Cómo justificar el procedimiento cuando entrega en un convento de monjas de La Providencia al niño de 2 años de edad, posterior al asesinato de sus padres, el argentino Bernardo Ledjerman y la mexicana María Ávalos en diciembre del mismo año 73 (la versión es pública en TVN, 2015)?

Y si la “consternación la sentía desde los 26 años, por el fusilamiento en La Serena” (octubre del 73), ¿cómo explicar su actuación posterior a esa fecha? Datos de la causa, documentos y testimonios directos, pruebas categóricas. ¿Porqué seguir negando todas estas acusaciones? ¿Acaso no afirma usted que “la justicia debe operar y la verdad, imponerse”? ¿O todo es una persecución política en su contra, como asegura su defensa? ¿O sólo responde a una confluencia perversa entre dos extremos, como usted señala? O simplemente, ¿“hay sectores que no entienden y otros que derechamente no aceptan el proceso que llevamos adelante para avanzar en la reconciliación”?

Mis dudas son las de un ciudadano común. A lo más, con el cartel de sobreviviente. Nueve meses de cárcel y nueve años de exilio no mermaron mi fe en el hombre y el bien común. Quise creerlo. Pero cuando usted llegó a la Comandancia en Jefe del Ejército en 2002 asumí la derrota. Una derrota política y personal. Nada había cambiado.

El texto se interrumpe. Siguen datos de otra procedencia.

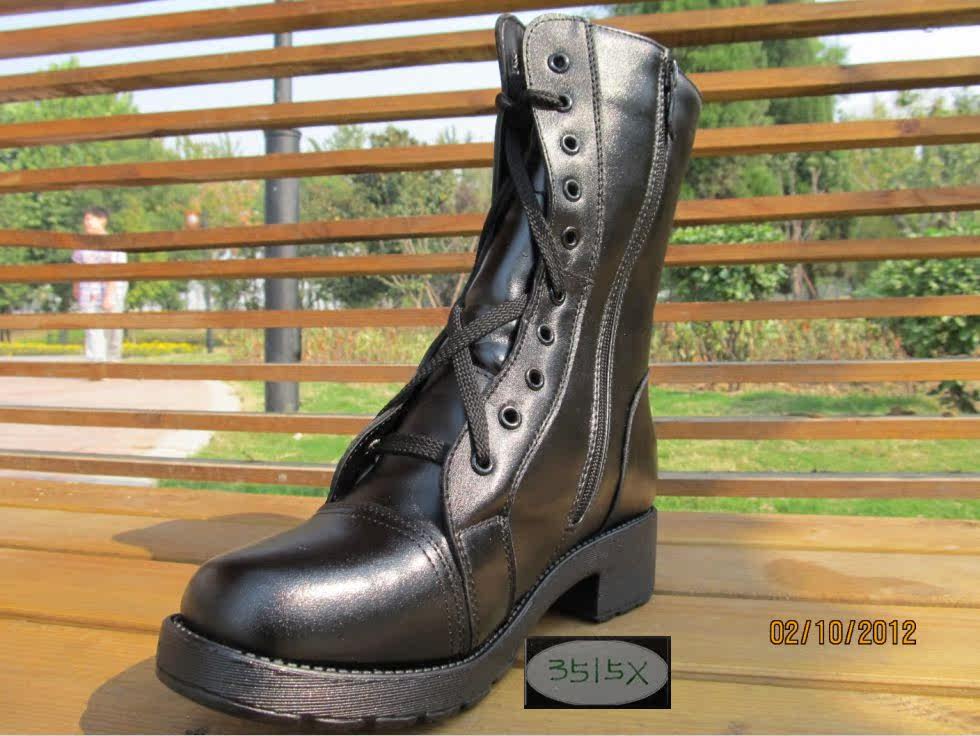 3515强人正品冬季保暖女棉鞋羊毛靴女靴子女军靴户外靴马丁靴女鞋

El entronque del poder es transversal. La verdad y la justicia, una ficción. La actual entrevista lo reafirmó. “Mi único pecado fue haber estado allí”. Que ironía. ¿Y las víctimas, los sin nombre para usted, los sepultados clandestinamente, el silencio de años? ¿Qué?

Anticipo la respuesta. Después del horror, el olvido….

Dr. Galo Fontana Espinoza. Santiago, Julio del 2016.